If you would like to see a recitation in full tecnicolor (American spelling) go to
http://uk.youtube.com/watch?v=lCtqz51xlQc

BevaniteEllie said...

now I would be tempted to moderate that first comment, is that 'cause I'm too chicken?

sorry - just had to.

Kerry said...

Is that you???

timbone said...

"Is that you???"

Is that question directed at me? Yes it is.

Kerry said...

I'd have said thirty something, a bit puny, messy curly hair. No idea why.

timbone said...

hahaha Kerry. Are you saying that is what you imagined I would look like?

Kerry said...

Yes, and for some reason, a rather shapeless pale blue and white striped T-shirt, with very puny arms sticking out.
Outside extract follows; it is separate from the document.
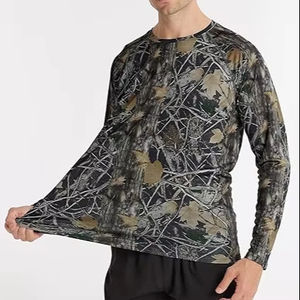 Chemises de chasse athlétiques à manches longues pour hommes, protection solaire UPF 50+, qualité supérieure - Product Image 1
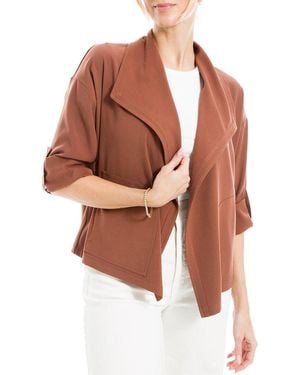 Max Studio Short Jacket - Brown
Whereas Dave A I just think of as being Dave Anderson, the MP for Blaby, despite his political views!

timbone said...

Well I will not fish for compliments, but I take it that your enjoyed my recitation of the poem I wrote for the late Mr Wimster, who gave me three of the best in between me writing the poem and being awarded the prize.

I don't know what Dave Anderson looks like, but funnily enough, I have sat with Dave A in an AGM, and he is an intensly charming man.

Thank you for taking the time to have a look at me on youtube. There is plenty more, including me playing the trombone, singing with an Abba tribute in Benidorm and comparing the UK with a more tolerant Spain as far as smoking is concerned.

Enjoy your curry later. If you are like me, you like it hot!